I decided to go ahead and just keep adding to this. If it generates positive reviews, or gathers interest, I'll keep it. If not, no biggie.

Both guys I was with are alpha males, but if I had to pick one that was more alpha I'd say my Army guy. His name was Carlos, but he now went by Ranger for obvious reasons. He was deadly, and he had the ability to be calm in any and every situation. Didn't matter how furious he was, you only saw the calm. He didn't speak much, so when he did it held more weight. I'd had the pleasure of watching his evolution from man to manlier man. He didn't used to be this closed off, and he was still less closed off with me than he was with others.

My "beta" alpha man was Joe Morelli. I'd been with him since I was in high school, but again, on and off. He couldn't commit, and neither could I. He represented home to me, although I still lived fairly close to where I had growing up, I hadn't been back. I was too different for my town, and I refused to deal with the censure and judgment of the old biddies who lived where I did. He was all flailing Italian arms and barely contained rage when he got mad, but when he wasn't angry he was a fairly down to earth homebody type of guy.

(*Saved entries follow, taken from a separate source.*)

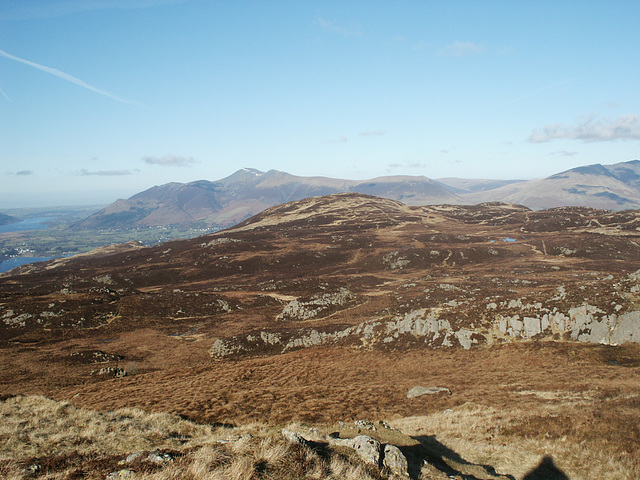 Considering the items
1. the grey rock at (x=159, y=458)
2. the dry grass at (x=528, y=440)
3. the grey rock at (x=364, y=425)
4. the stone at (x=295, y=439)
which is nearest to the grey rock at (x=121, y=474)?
the grey rock at (x=159, y=458)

Joe was ball games and beer, and Carlos was symphonies and sex clubs.

Joe and Carlos had both been stationed out of Joint Base McGuire-Dix-Lakehurst for almost the entirety of their careers, minus deployments. I'd stuck close by there, partially because of my job, and partially because they were there. I'm not saying I would have followed either of them if they'd been moved elsewhere, but I'm glad they hadn't been.

I worked from home, doing portrait photography. The only thing was, all the portraits were of me, and many of them were more like boudoir shots. Basically, I did home modeling, and my images were sold to magazines across the world. You couldn't tell who I was from the photos, because my face was always cleverly covered, or obscured. I made more money than I had any right to, and I didn't have to leave my house. One of my photos was used as an advertisement for a local bookstore. It was a picture of me laying in a white fur sling chair, with my legs thrown over the top, and my hair trailing on the floor, a book in front of my face. It was a local authors first novel, and it generated a ton of business for both the bookstore and the author. It was black and white, except the cover, and the red of my panties and tank top.

I figured I probably wouldn't be doing a lot of those any longer because I was having a baby.

I was chilling in my loft apartment when it dawned on me for real that I was going to have a baby, and at this point I'd be going it alone. I wasn't going to pursue a relationship with Joe or Carlos, mostly because I didn't want one, but also because I had no idea who's baby I was carrying. That wasn't fair to either of them.

I would also probably have to leave my loft. There were no safe ways to raise a baby here. The loft was all sleek lines, and granite and hardwood. The stairs were those hovering stairs with no support and huge gaps between each step. I couldn't have a baby in this place, not once they became mobile.

I sat there thinking of all the changes I'd have to make when a key tumbled the lock to my front door.

Carlos and Joe both walked in, carrying duffle bags with them. What the heck was this now?

I raised a brow at them and Joe grinned.

"We're moving in until we can figure this out. We're going to split the sectional, so don't worry about that."

Uhm hello, again I say, what is this now?